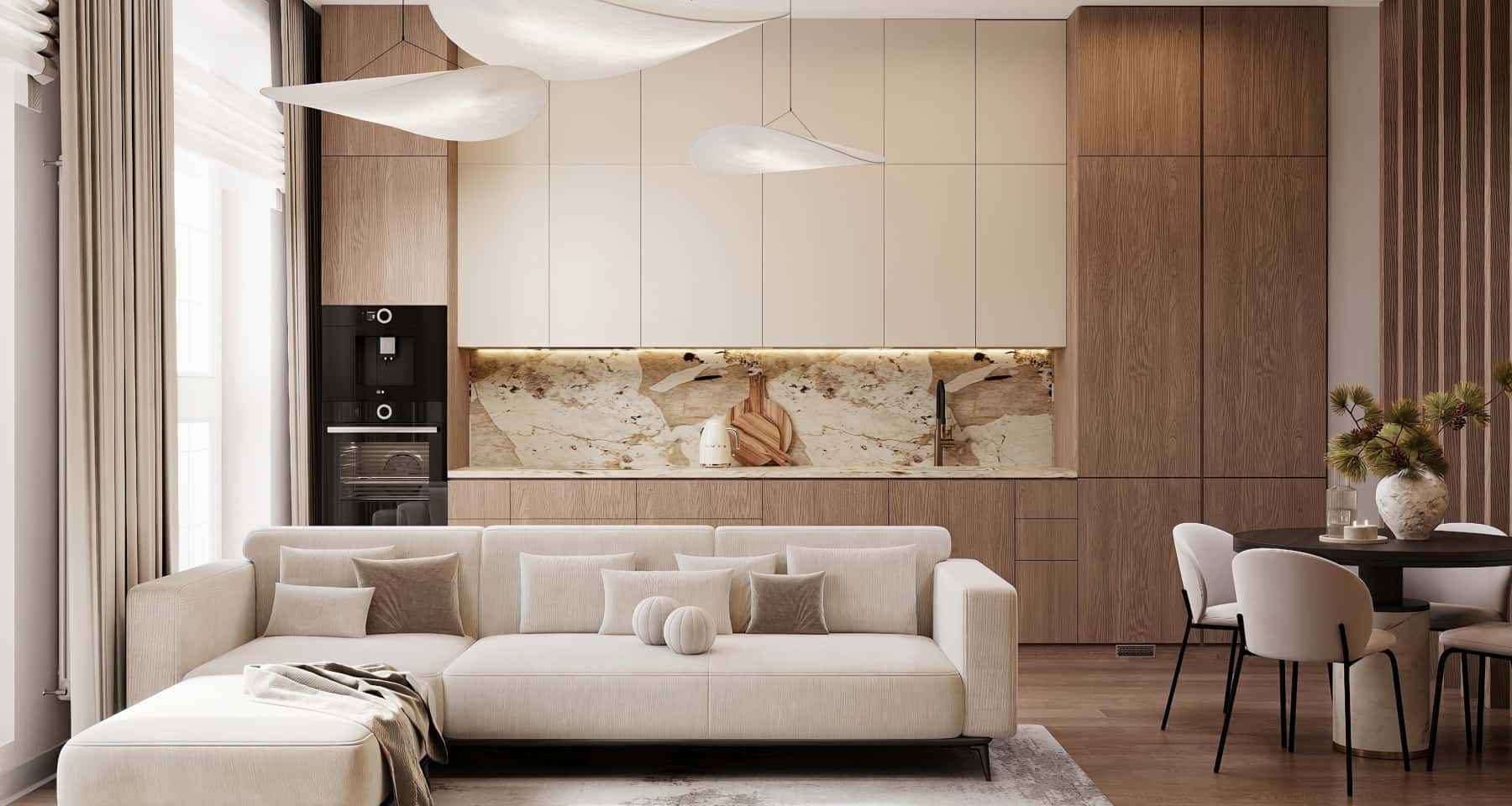 Сучасний дизайн інтер'єру будинку 2026 в мінімалістичному стилі для сім'ї.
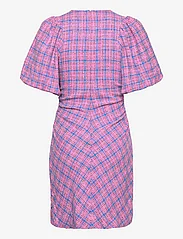 Ganni - Check Suiting Mini Dress - party dresses - wild orchid - 1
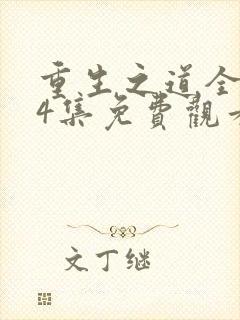 重生之道全集24集免费观看封面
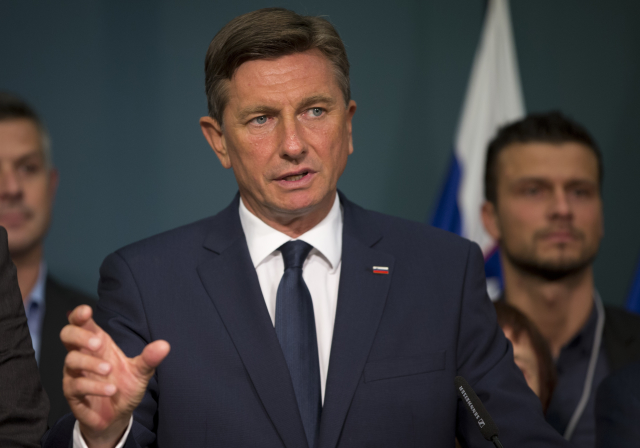 Slovinský prezident Borut Pahor.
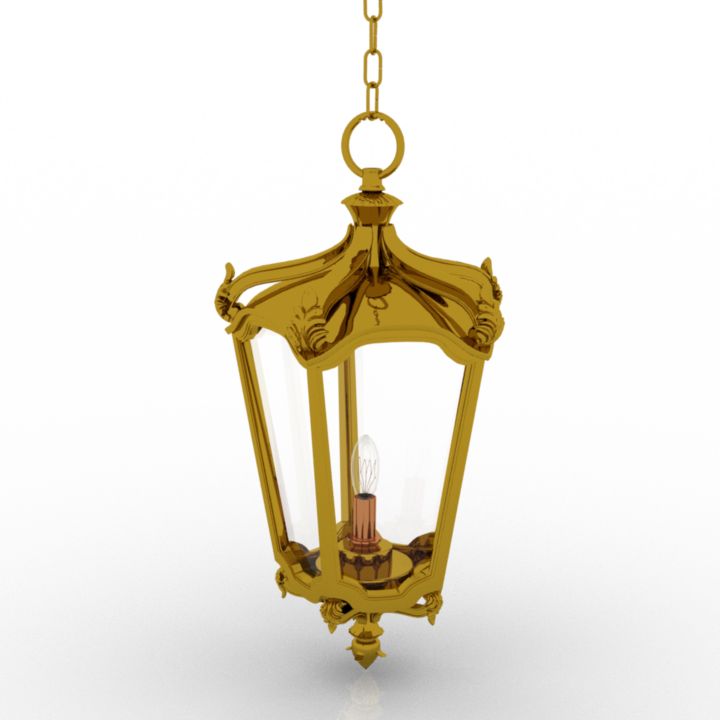 Bastille Vx 3-Light Lantern Lamp 3d model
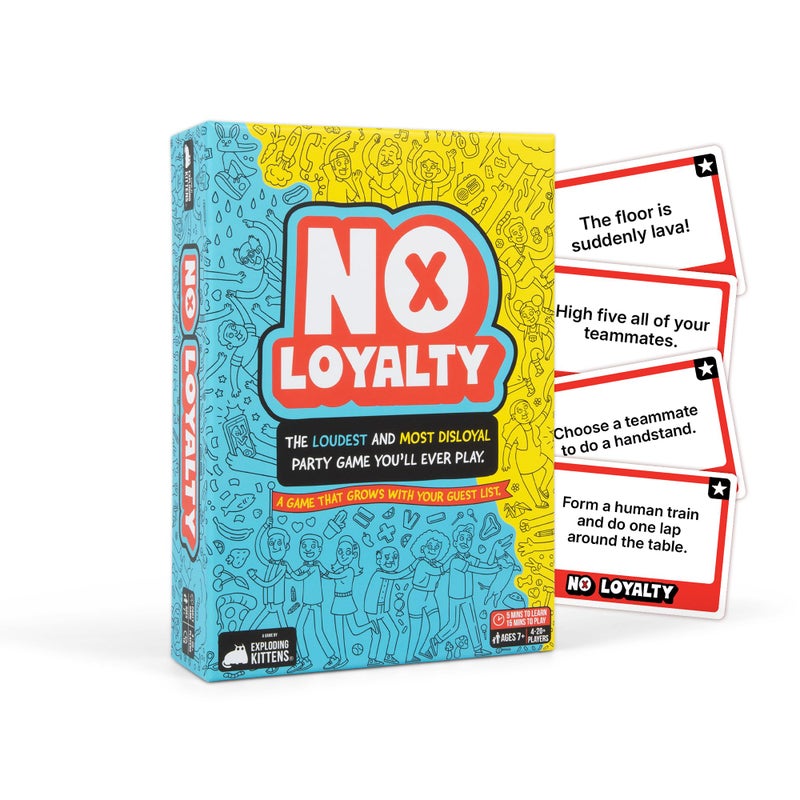 Exploding Kittens No Loyalty Win Challenges Switch Teams Repeat Chaotic Party Game for Large Groups and Holidays 420 Players Ages 7 - Image 3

__________________________________________________

### Work instructions
Copy nothing but the lines from the first one in the listing through the line with "Bastille Vx 3-Light Lantern Lamp 3d model", and omit the pictures.

### Result below
 Сучасний дизайн інтер'єру будинку 2026 в мінімалістичному стилі для сім'ї.
 Ganni - Check Suiting Mini Dress - party dresses - wild orchid - 1
 重生之道全集24集免费观看封面
 Slovinský prezident Borut Pahor.
 Bastille Vx 3-Light Lantern Lamp 3d model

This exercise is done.